This project will explore ways to increase the sustainability of crayfish exploitation. It will focus on social issues and will run alongside a scientific crayfish research programme. By involving local communities in every stages of the study it is hoped to arrive at an acceptable way of ensuring sustainable harvesting.

Crayfish are fast growing with relatively high rates of reproduction so changes in harvesting practice should be quickly seen in the population. Increasing the minimum size of individuals harvested and preventing harvesting during the breeding season could quickly benefit both the crayfish populations and the catches of local fishermen.

Project Update: March 2001

Our project now has a local name - Orana Tsara Tantana - which means 'well managed crayfish'. We have now recruited an extension officer, Lalaina Rakotoson, an environmental lawyer who has lived for ten years in the main town in the study area, and we have selected our study sites.

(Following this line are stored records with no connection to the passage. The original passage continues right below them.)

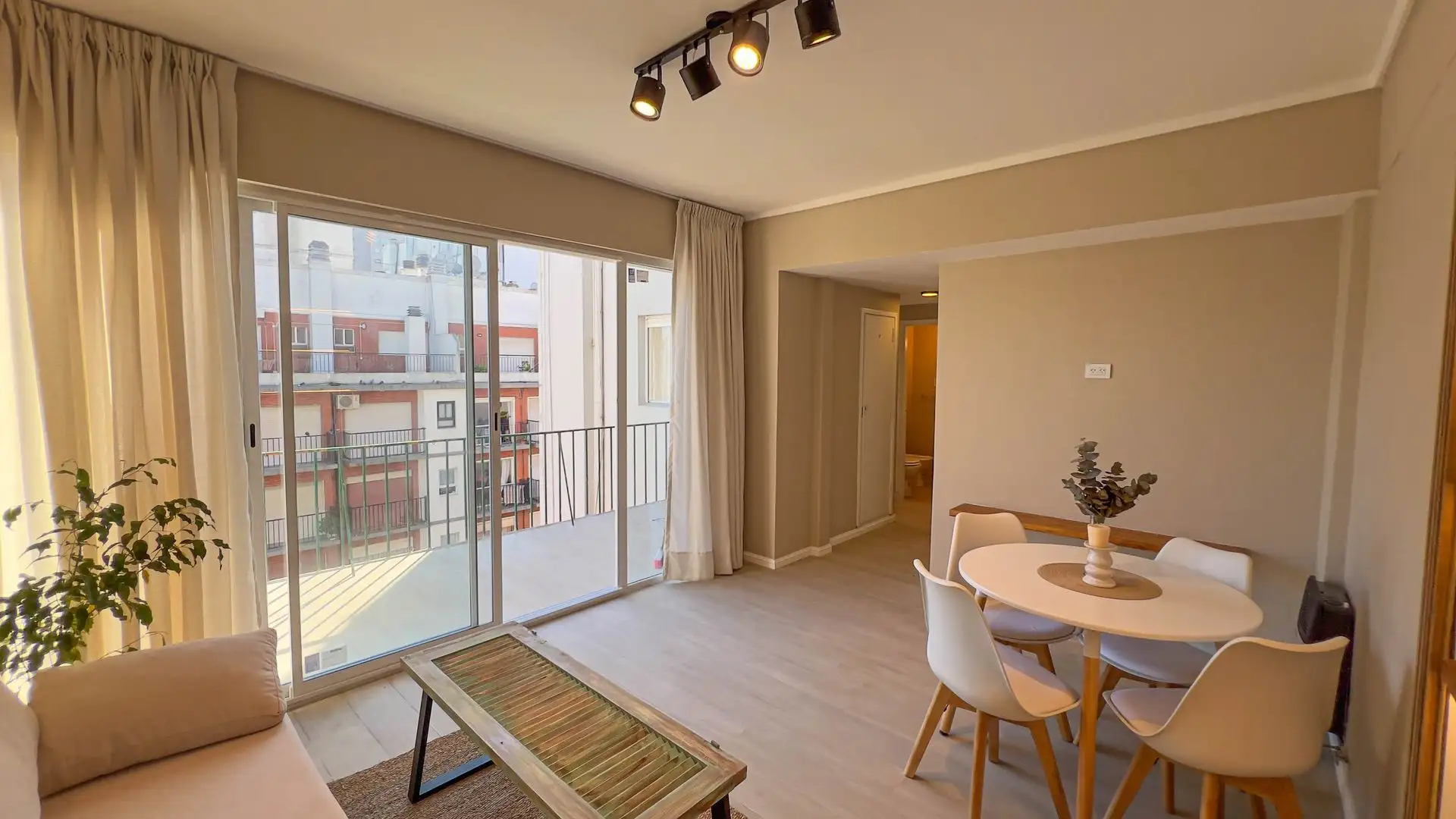VENTA DEPTO 3 AMBIENTES ZONA GUEMES RECICLADO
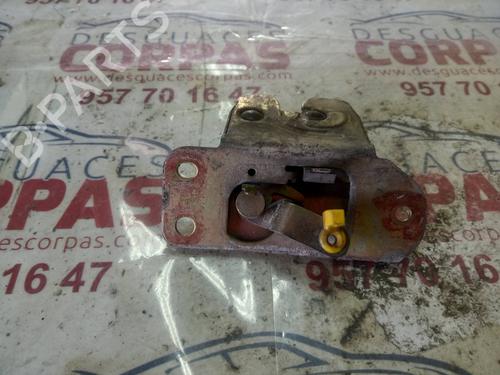 Used Tailgate lock VOLVO S40 I (644) [1995-2004]  19555899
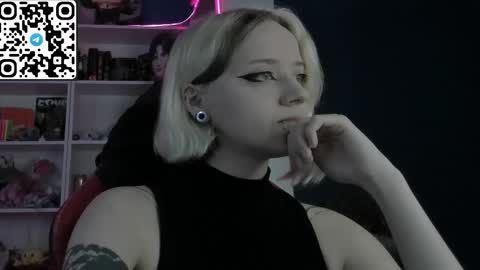 Snapshot of holy_mistresss chatting on May 12, 8:22 am holy_mistresss online show from May 12, 8:22 am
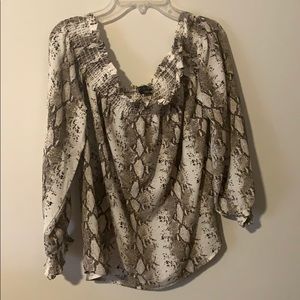 J for Justify off shoulder blouse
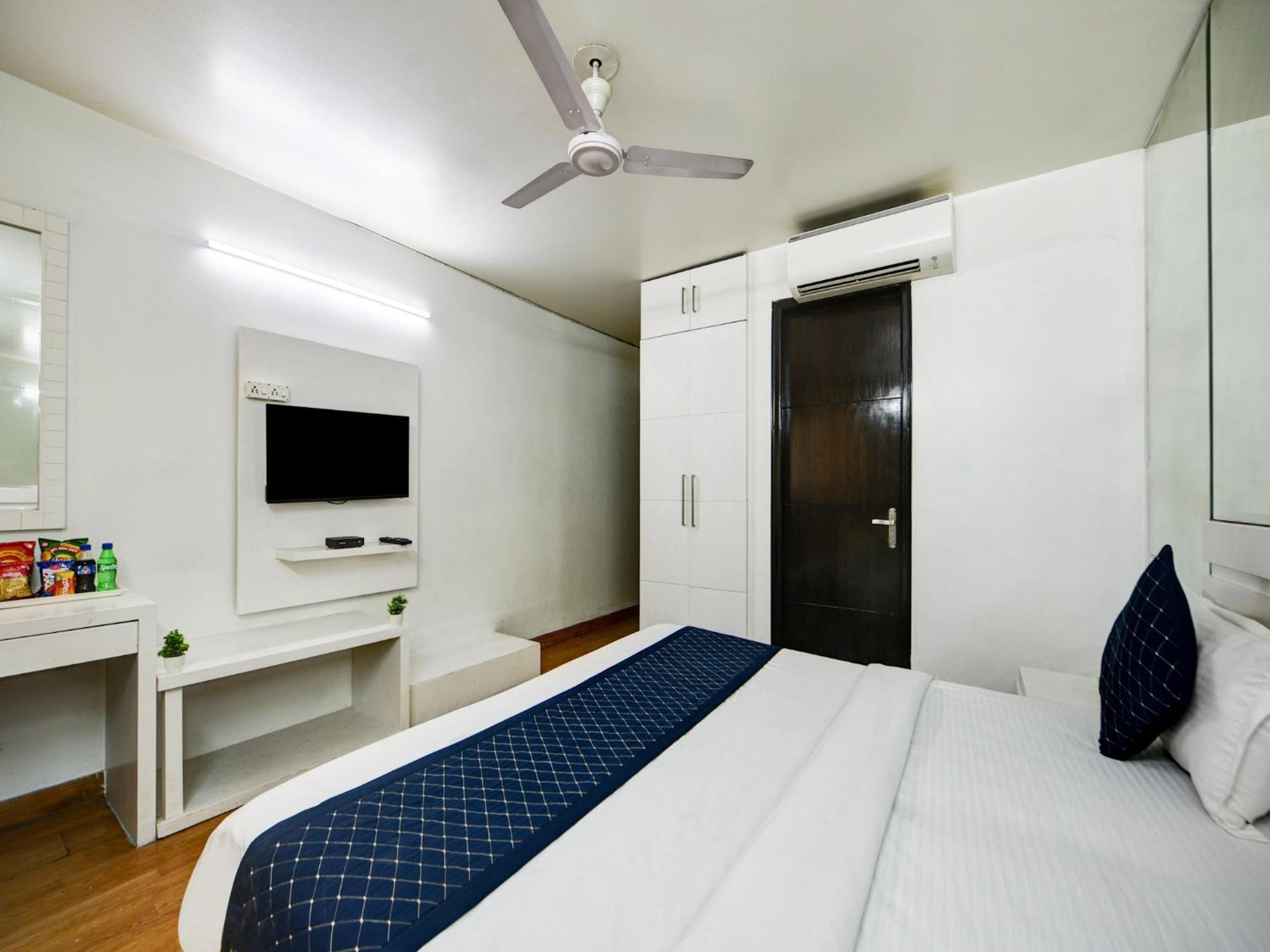 Hotel Sweet Home Lodge - 2 Min From New Delhi Railway Station Hotel 3*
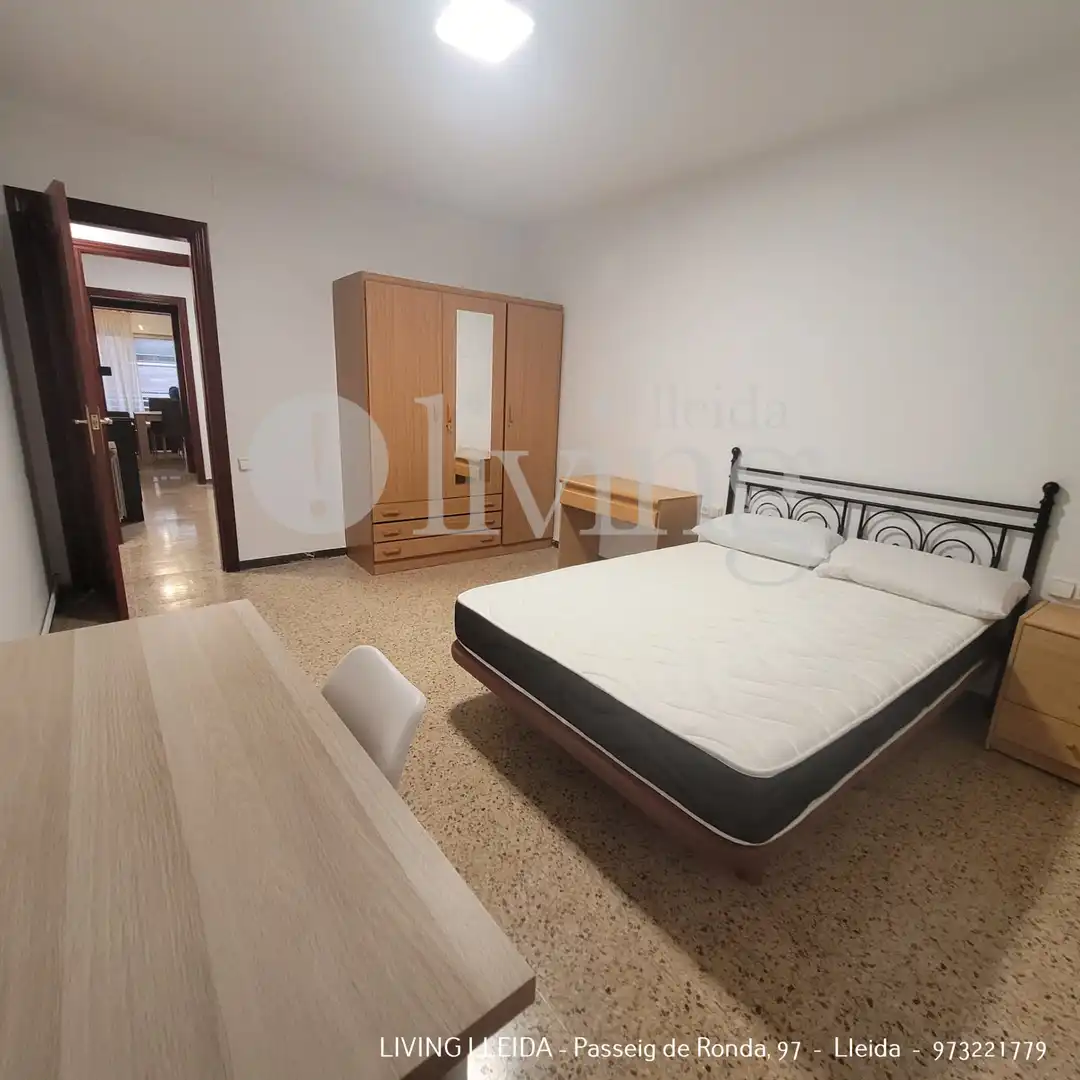Schlafzimmer von Wohnung zur Miete in Lleida mit Klimaanlage, Heizung und Terrasse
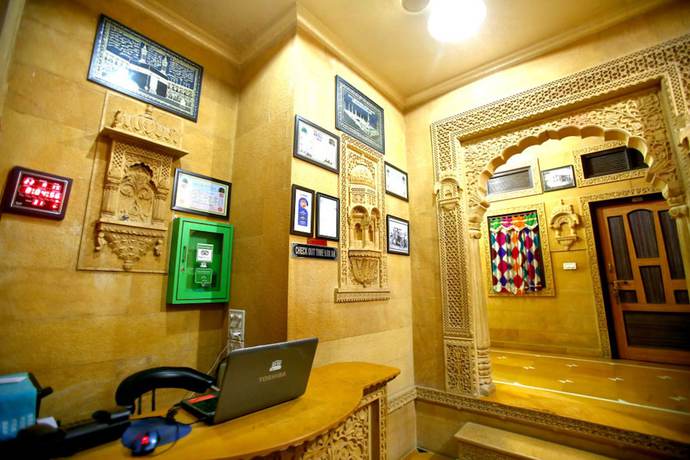 Imagen de los interiores del Hotel Royal Haveli. Foto 18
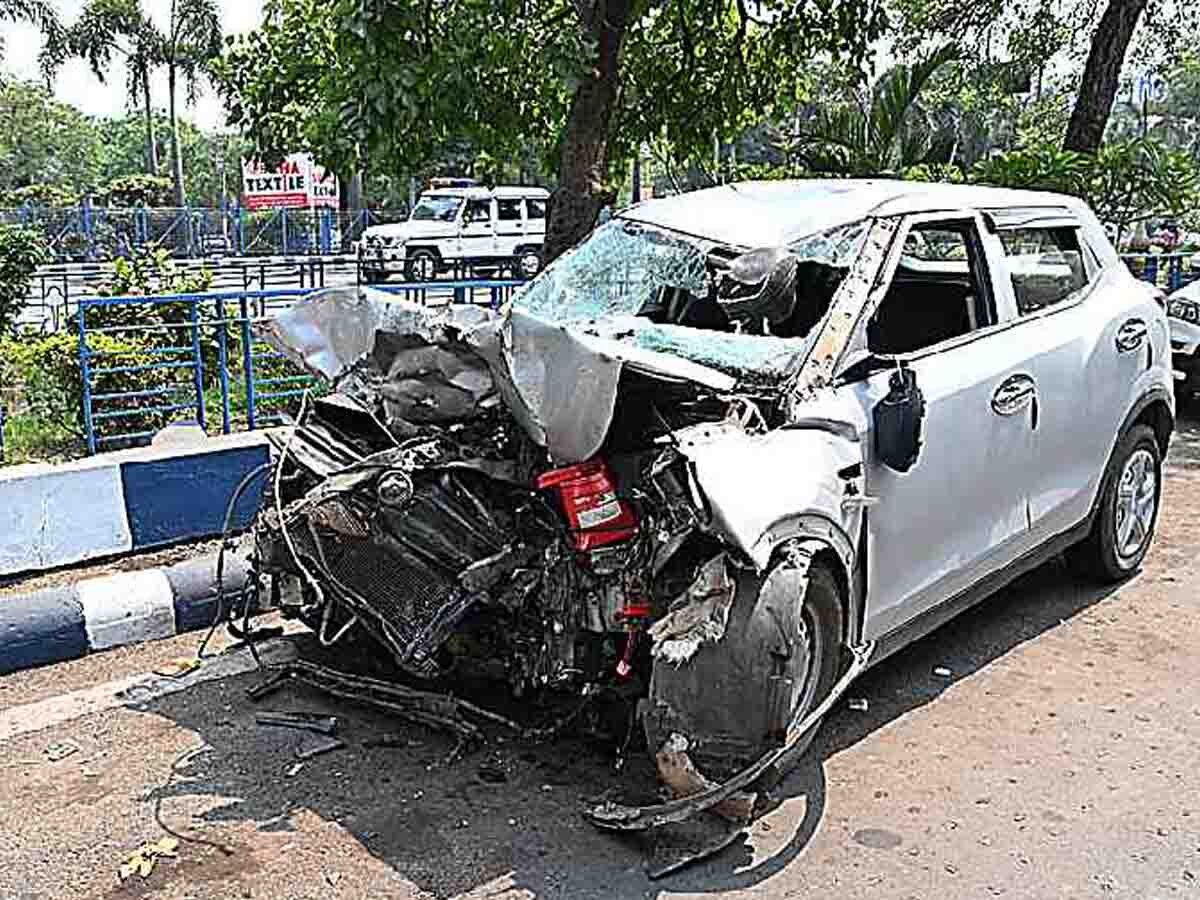 Road Accident : ମର୍ମନ୍ତୁଦ ସଡ଼କ ଦୁର୍ଘଟଣା: ପିକ ଭ୍ୟାନକୁ ପିଟିଲା ଟ୍ରକ, ୬ ଲୋକଙ୍କ ଜୀବନହାନୀ; ରହିଛନ୍ତି ଜଣେ ଶିଶୁ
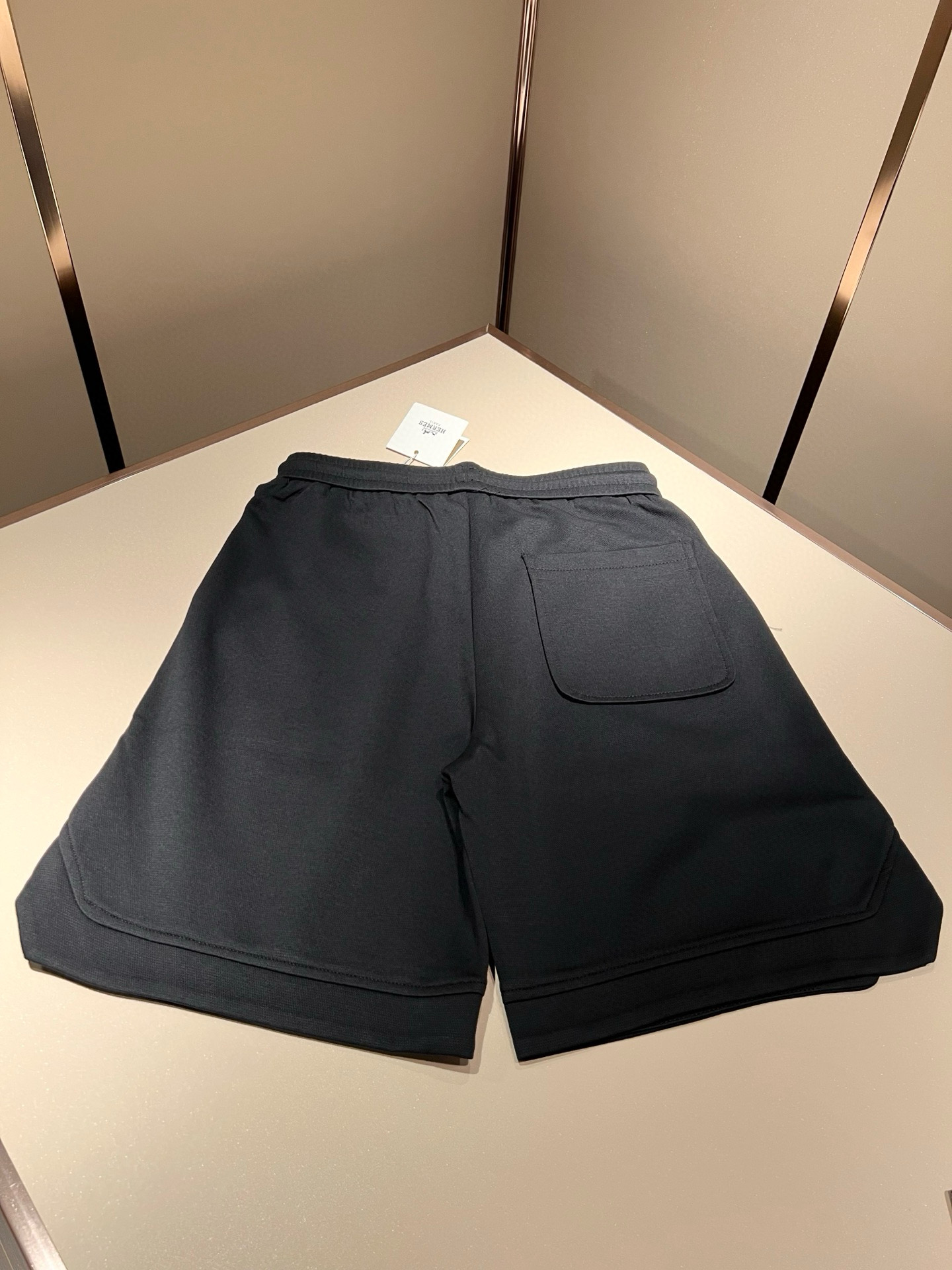  HERM*S爱*仕 2025春夏男士高端休闲短裤，海外贸易公司渠道订单 ！上海恒隆店在售！高级、简约，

We are planning to build a house for the project in Bevohajo, a village right on the boarder of Ranomafana National Park; about three hours walk from the road.

I will be based here with a student from the University of Tana, and another student from Fianarantsoa University will be based in Abodokimba, a village close to the town of Ranomafana where the National Parks Authority project attempting to cultivate crayfish is based. This student will be working very closely with this project. We are buying bikes and I will be able to regularly bicycle up to Abodokimba. Lalaina will be working with the villagers in both Bevohajo and Ambodokimba, and other villages where crayfish harvesting is important, to discuss the project and regularly feed information back to them and discuss how it could be applied.

Project Update: June 2001

Interviews have been carried out in 16 villages in the periphery of Ranomafana National Park and at "hotelys" and restaurants in the area (the main commercial sink for the crayfish).The interviews focused on the level of crayfish exploitation, its importance in the local economy and any perceived changes in the availability of crayfish. The survey revisited sites first assessed in 1990 just before the Park was established.

The team has held meetings with all these villages' elders and/or King to explain the objectives of the project and has done an interview on local radio, as well as school visits. A leaflet for local distribution is in production. Study sites have been selected for mark-recapture studies and for experimental crayfish culturing.

Project Update: October 2001

We had a really successful environmental activity day for the children in the village last week. The school teacher from the next village was very enthusiastic and we are planning a similar day to be held in the school now that term has begun.

2nd RSG Grant Awarded

A 2nd RSG Grant has been awarded for this project.

Project Update: August 2002

The importance of crayfish to the economy of villages in the Ranomafana area varies widely with certain villages (particularly Vohiparara, Sahavondrona and Ambalavao-Tsararano) relying heavily on crayfish harvesting.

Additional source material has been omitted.